Mesmo entre técnicos do BC que coletam informações que são repassadas à diretoria da instituição, a visão é de que há espaço de sobra para que a Selic caia de 13% para 12% na próxima semana. Alegam que a recessão foi tão profunda e que há tanta dificuldade para a retomada da atividade que há o risco de a inflação surpreender para baixo, isto é, encerrar o ano aquém dos 4,5% definidos como centro da meta pelo Conselho Monetário Nacional (CMN). Além disso, não há por que esperar pela reunião de abril. Quanto antes o BC agir, mais a economia sentirá os efeitos do custo menor do dinheiro.

 

Técnicos do BC reconhecem que a atual diretoria do banco é muito cautelosa, extremamente preocupada com a reputação. Teme cometer erros na gestão de política monetária como os que minaram a confiança da administração anterior, comandada por Alexandre Tombini. O BC de Ilan, reconhecem os técnicos, prefere errar pelo excesso de conservadorismo, mesmo que isso signifique uma demora maior para um crescimento mais robusto da atividade. “Não se pode esquecer que, em média, o efeito da política monetária demora de seis a nove meses para ser sentido”, destaca um dos técnicos.

 

Custo real

 

Na avaliação do economista Carlos Thadeu Filho, sócio da consultoria MacroAgro, como a inflação está em queda — ele projeta 3,9% para todo o ano —, se o BC cortar a Selic em 0,75 ponto na próxima semana, a taxa real de juros vai aumentar mais, um veneno para a economia. “Não há motivo para o BC frustrar a economia.
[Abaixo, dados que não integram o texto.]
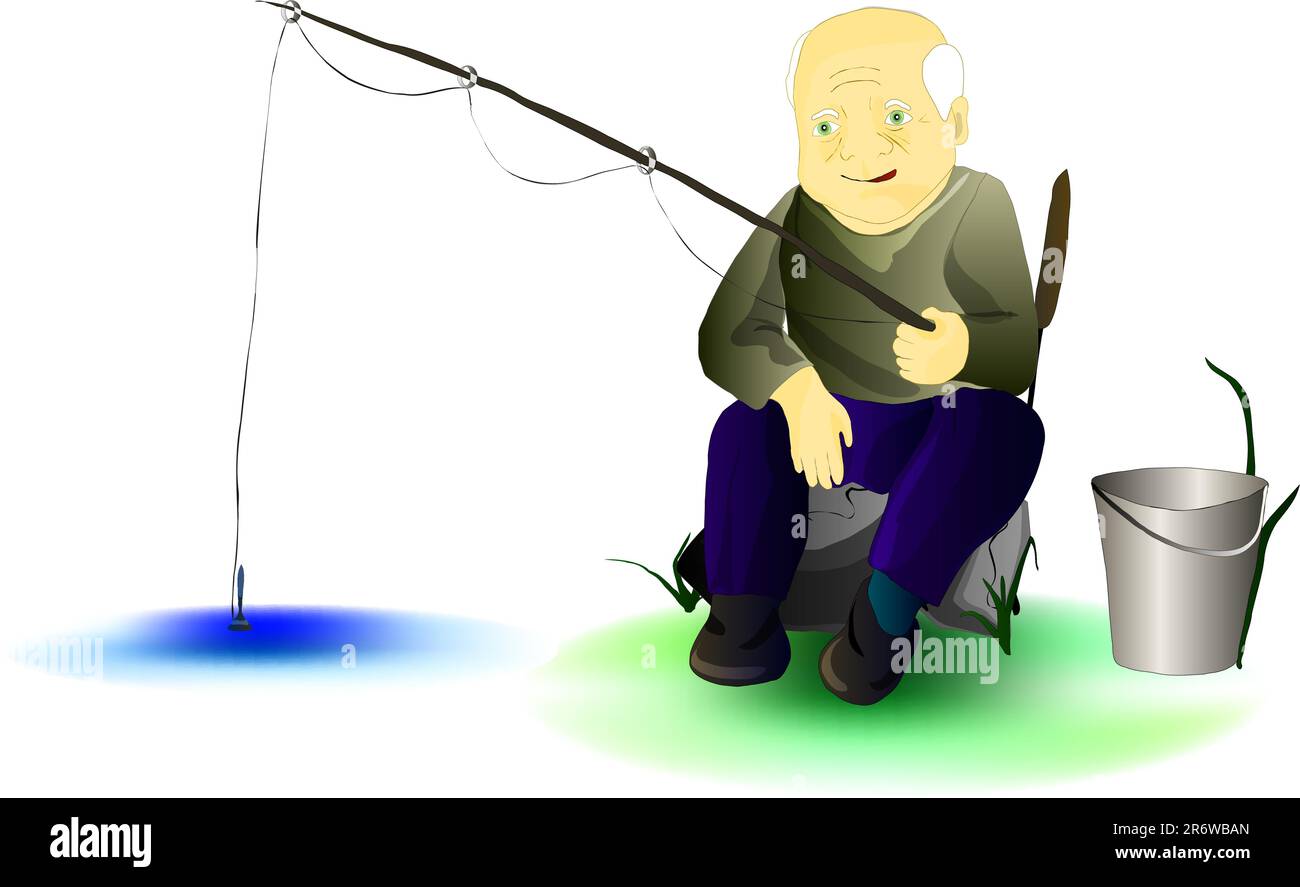 Einige Menschen können länger als eine Stunde fischen. Das ist auch ein Hobby Stock Vektor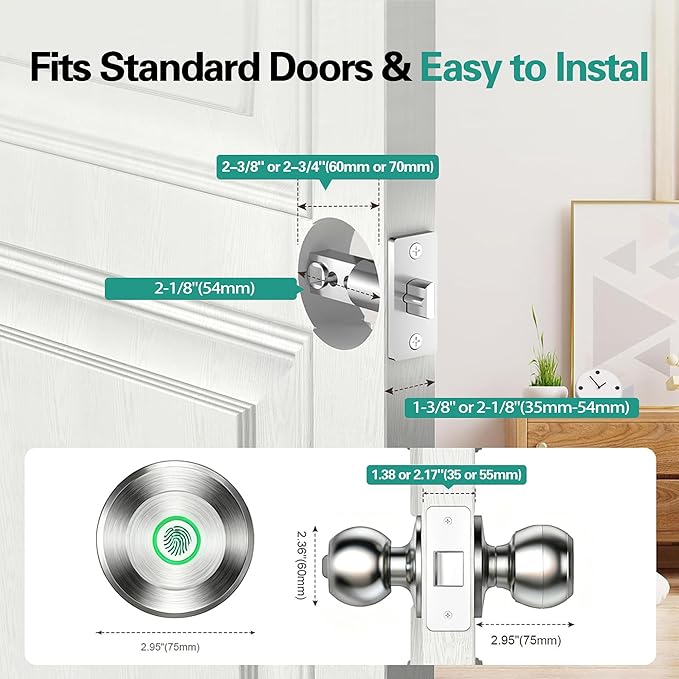 Smart Door Knob, Fingerprint Door Knob, Biometric Smart Door Lock - Image 5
Uma redução de um ponto percentual agora, para 12%, é perfeitamente normal. Vários economistas de peso dizem isso”, reforça. Uma postura mais cautelosa do BC só interessa aos bancos, que poderão aumentar um pouco mais os lucros, pois são grandes detentores de títulos públicos.

 

A perspectiva de inflação está tão favorável que há analistas falando em um Índice de Preços ao Consumidor Amplo (IPCA) entre 0,20% e 0,25% em março. Se isso ocorrer, a taxa acumulada no primeiro trimestre encostará em 1%, o que não se vê há muito tempo. “A economia pede medidas urgentes de estímulos, como um corte maior dos juros. O bom de tudo é que a flexibilização monetária poderá ser feita sem o risco de a inflação voltar a subir. Não há demanda para isso. As famílias estão superendividadas e as empresas estão dispostas a desovar os estoques”, reforça Thadeu.

 

Portanto, está nas mãos do BC explicitar o quanto está confiante no controle da inflação e no compromisso do governo com o equilíbrio fiscal. O mercado financeiro já deu seu voto de apoio. Tanto que o dólar está derretendo e a bolsa de valores bate recordes. Os juros precisam cair mais rápido. O momento é de ousadia.